Въ заключенiе, и самъ Гервинусъ говоритъ, «что при сравненiи шекспировскихъ передѣлокъ двухъ послѣднихъ частей этой исторiи (о Генрихѣ VI) приходится точно также сознаться, что въ нихъ видѣнъ больше Шекспиръ, чѣмъ Марло и Гринъ».
Изъ за чего же вы такъ горячились? Что за классификацiя по достоинству трагедiй Шекспира? Шекспиръ вездѣ Шекспиръ. Пусть г. Гервинусъ игнорируетъ первую часть трагедiи о Генрихѣ VI — тѣмъ не менѣе, мысль всей трилогiи ясна и въ ней, ясна изъ самой первой сцены, изъ плача вельможъ надъ трупомъ Генриха V и послѣдующаго появленiя гонцовъ, приносящихъ скорбныя вѣсти. А Тальботъ и его сынъ! А явленiе Жанны д’Аркъ во французскомъ лагерѣ, а насмѣшки надъ нею англичанъ передъ ея казнiю, а ссоры правителей государства? А во второй части незабвенный Джекъ Кэдъ и незабвенныя остроты надъ нимъ его прiятеля Дика, а смерть Кэда и вѣрноподданный Александръ Айденъ, а начало третьей части? — Но перечисленiе не укажетъ всѣхъ красотъ подлинника.
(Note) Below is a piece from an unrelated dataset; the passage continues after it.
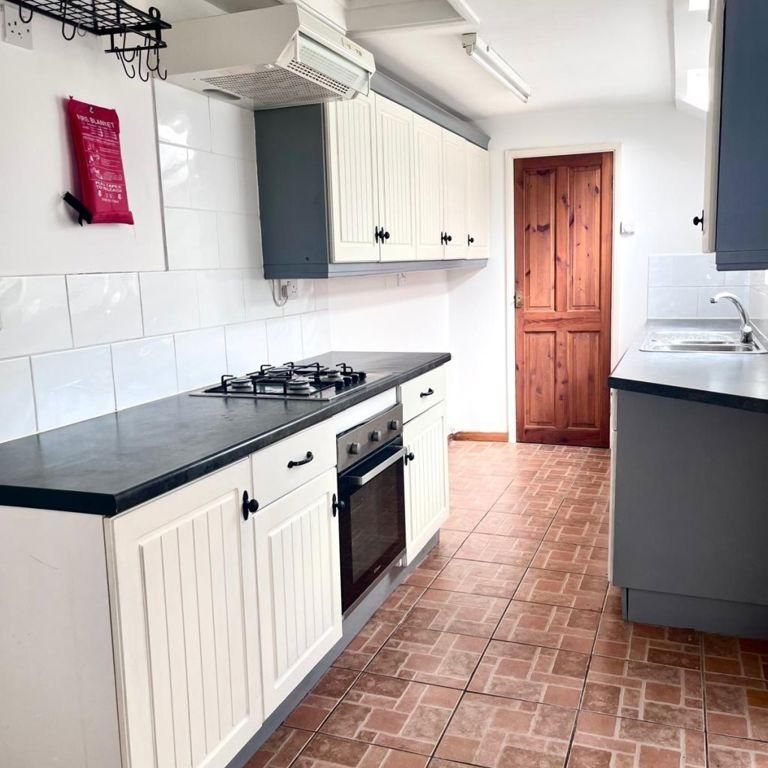 3 bedroom terraced house to rent - Photo 1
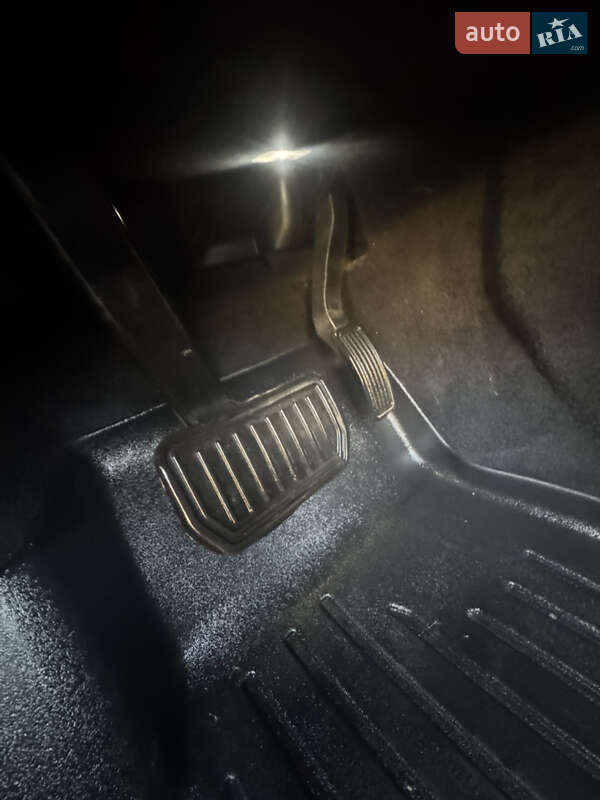 Лифтбек Tesla Model S 2018 в Коломые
Мы съ намѣренiемъ остановились такъ подробно надъ разборомъ г. Гервинуса трилогiи о Генрихѣ VI. Намъ кажется, что пора наконецъ оцѣнить по достоинству историческiя трагедiи Шекспира, и думаемъ, что именно у насъ, русскихъ, съ нашей богатой исторiей (которую большинство нашей литературы игнорируетъ), широко разовьется историческая трагедiя. У нѣмцевъ, какъ мы уже замѣтили, это дѣло не возможное, и кажется тоже нужно сказать и о французахъ, — доказательство, что величайшiй поэтъ Францiи, Викторъ Гюго, въ своей книгѣ о Шекспирѣ почти ни слова не говоритъ объ его историческихъ драмахъ; по крайней мѣрѣ, нѣтъ ни одного теплаго, задушевнаго слова.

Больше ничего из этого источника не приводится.